One of the most important contributions of Noritake china was the development of Lusterware. This was a glazing technique using a bright, single color glaze (brown, blue, orange, green) covered in a thin metallic film. The result was a polychromatic, iridescent look that grace these peices of Japanese porcelain in a bright rainbow-like sheen. This technique became very popular with other manufacturers during the 20th century. The major importer being the U.S. This was a time after the depression and the beginning of the roaring 20’s and Art Nouveau was in vogue. In fact, many of the peices of Lusterware from the Noritake family of china is very Art Nouveau.
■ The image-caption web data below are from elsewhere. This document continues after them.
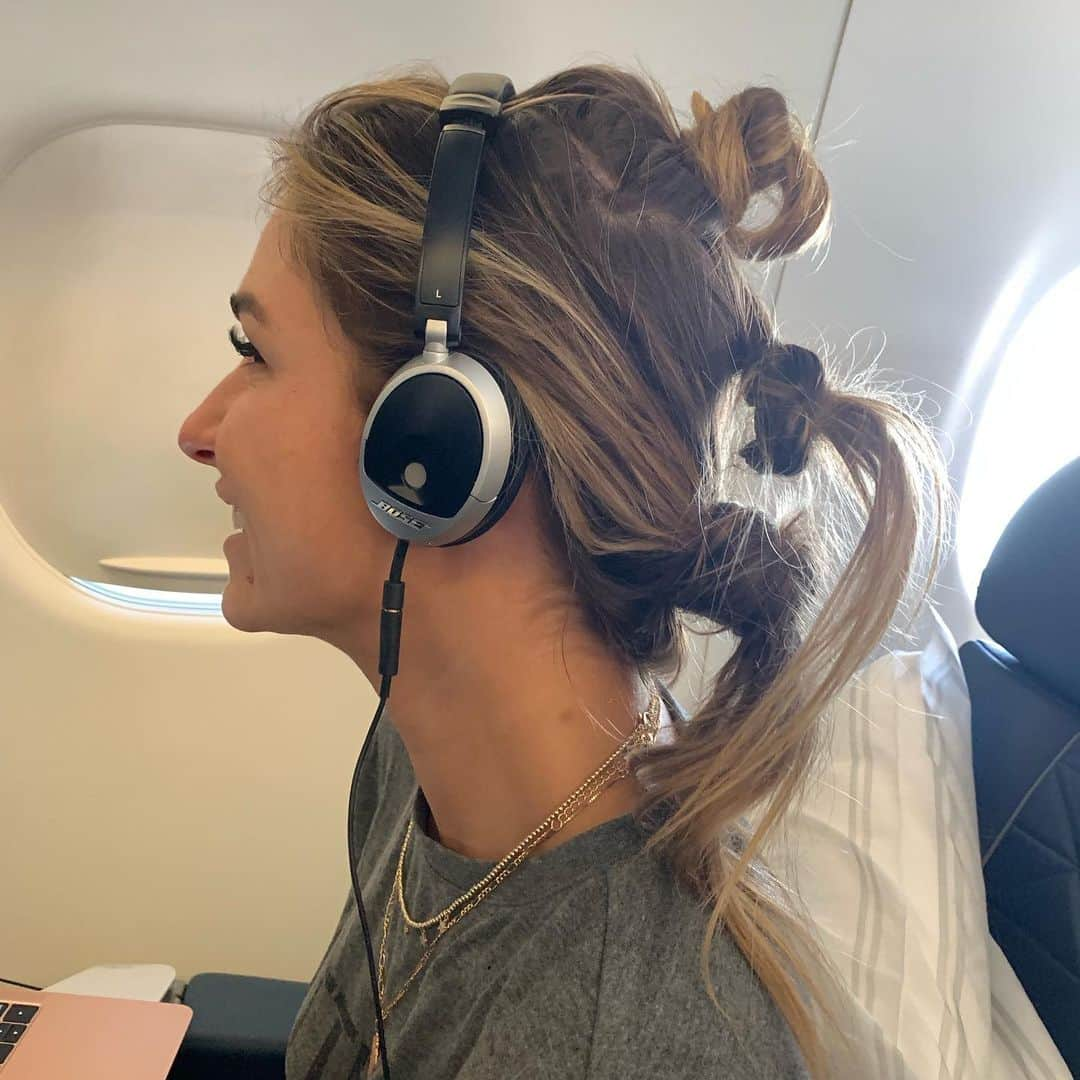 Jessie Jamesさんのインスタグラム写真 - (Jessie JamesInstagram)「I was just minding my business watching Wolf of Wall Street on our flight from New York back to Nashville when eric took my phone and took this super flattering picture of me because he wanted me to see the crazy hairstyle I had given myself while flying, because I get nervous and just start doing weird stuff like biting nails and putting my hair in random knot hairstyles 😂」9月12日 9時49分 - jessiejamesdecker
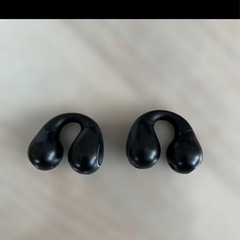 ワイヤレスイヤホン ブラック 充電ケース付きの画像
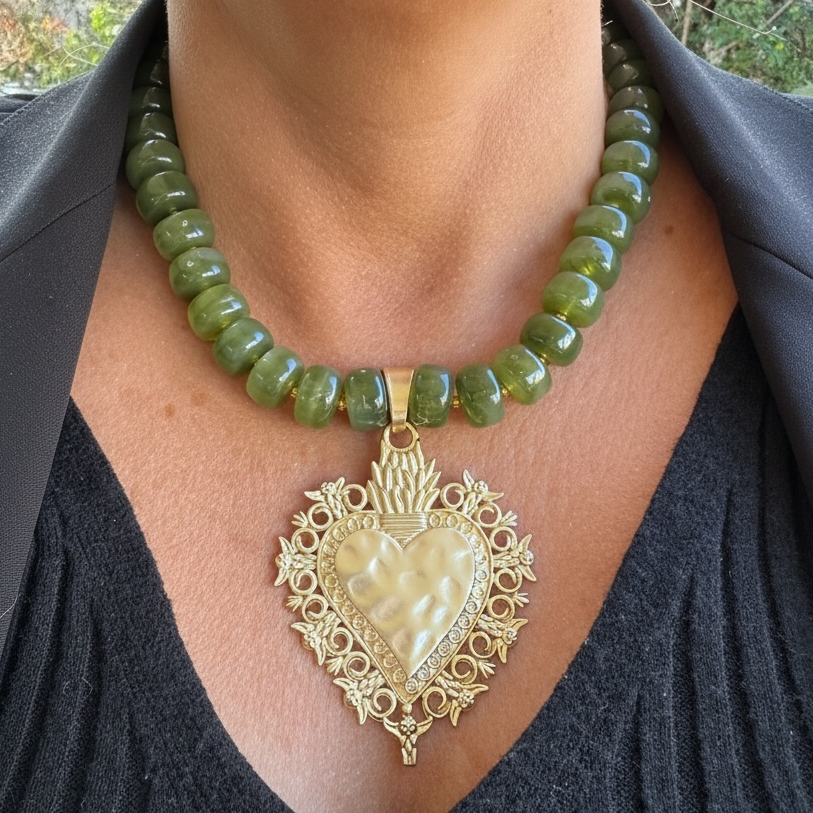 Collar Sagrado Corazón Oliva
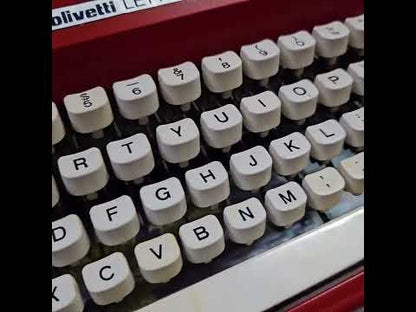 Olivetti Lettera 25 Typewriter Valentino Red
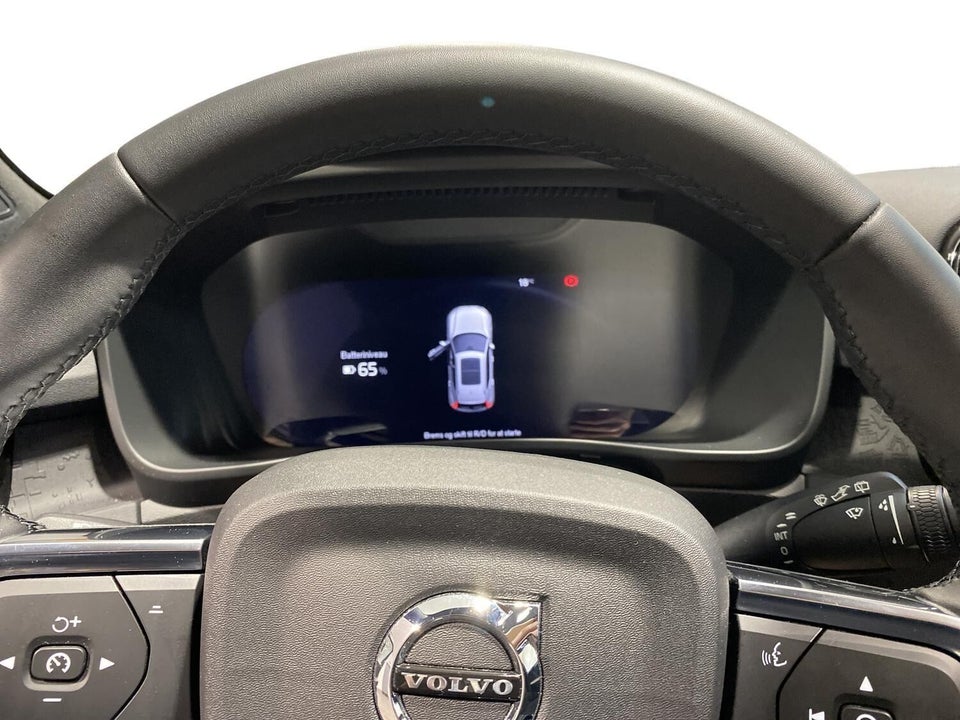 Volvo EX40 Extended Range Black Edition 5d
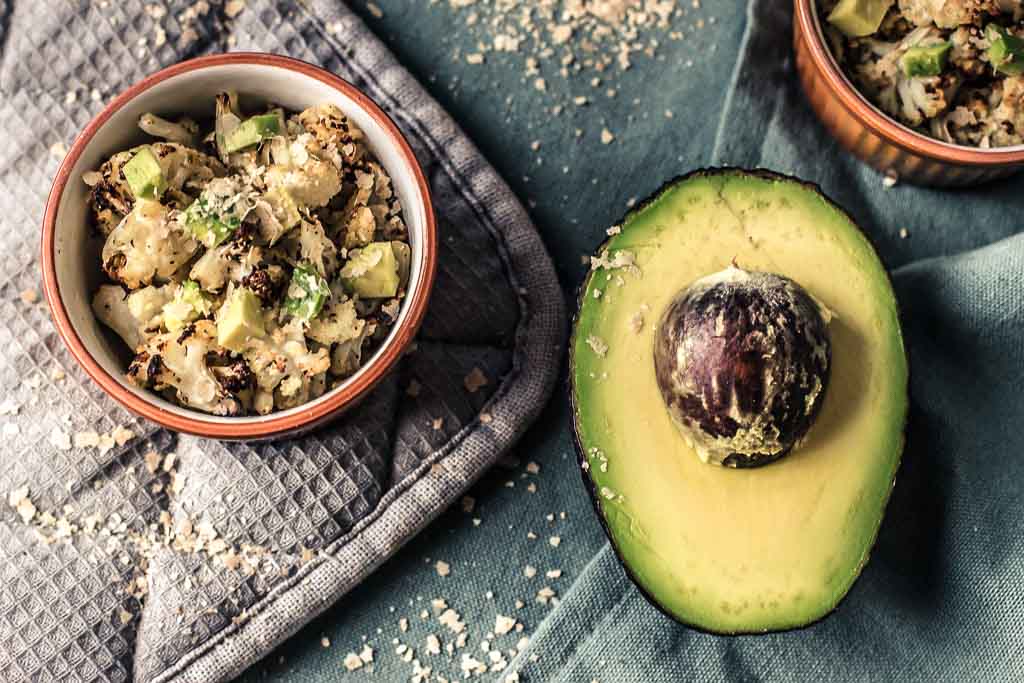 Gerösteter Ofenblumenkohl mit Avocado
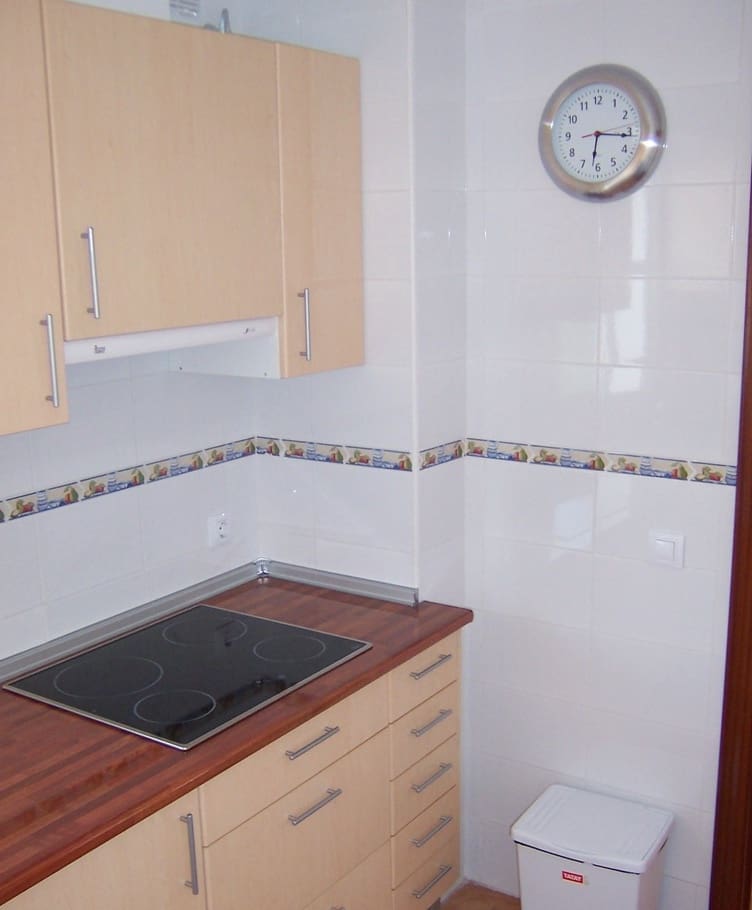 2 sovrum Lägenhet till salu i San Luis de Sabinillas med garage - 175 000 € (Ref: 9580026)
Their biggest production being small peices of giftware that was offered in many U.S. Five & Dime stores. This is what makes it so collectible. Although not as popular as “Nippon” and other works by Noritake, some peices of Lusterware command high prices. But there are still great bargains to be found:
An “Art Deco” ashtray marked “Hand Painted, TWNO, Made in Japan” ca. 1921 – 1930 (from my collection).
Years 1921 – 1941
In the first part of this series I discussed “Nippon” and the years 1894 – 1921 and now moving further along in the production calendar for the Noritake company I will explain why they stopped putting “Nippon” as part of their backstamp.
This period of 1921 – 1941 is clearly set apart by two major events, a change in U. S. law and the beginning of World War II in 1941.
In 1921 American import laws changed to require the place of origin be marked on a product in English. Since “Nippon” was more a description of an island and a native word to that island, the word “Nippon” was no longer acceptable for imports and the new law. Backstamps after 1921 state “Japan” or “Made in Japan”. Thus, it is easier to identify the earlier peices of china by those marked with “Nippon” and later peices by those marked with “Made in Japan”.
Here is an interest mark where the “Hand Painted Nippon” is overstamped with “Made in Japan” ca. 1921 (from my collection)
Other Makers Marks you might see on Lusterware and a nice photo of a Lusterware cup and saucer (from my collection)
Collector’s can still find excellent purchases and colorful peices of lusterware and it is a wonderful subject of Japanese porcelain to collect at this time. I believe that Lusterware will increase in value over the next few years and be hard to collect without significant money to invest.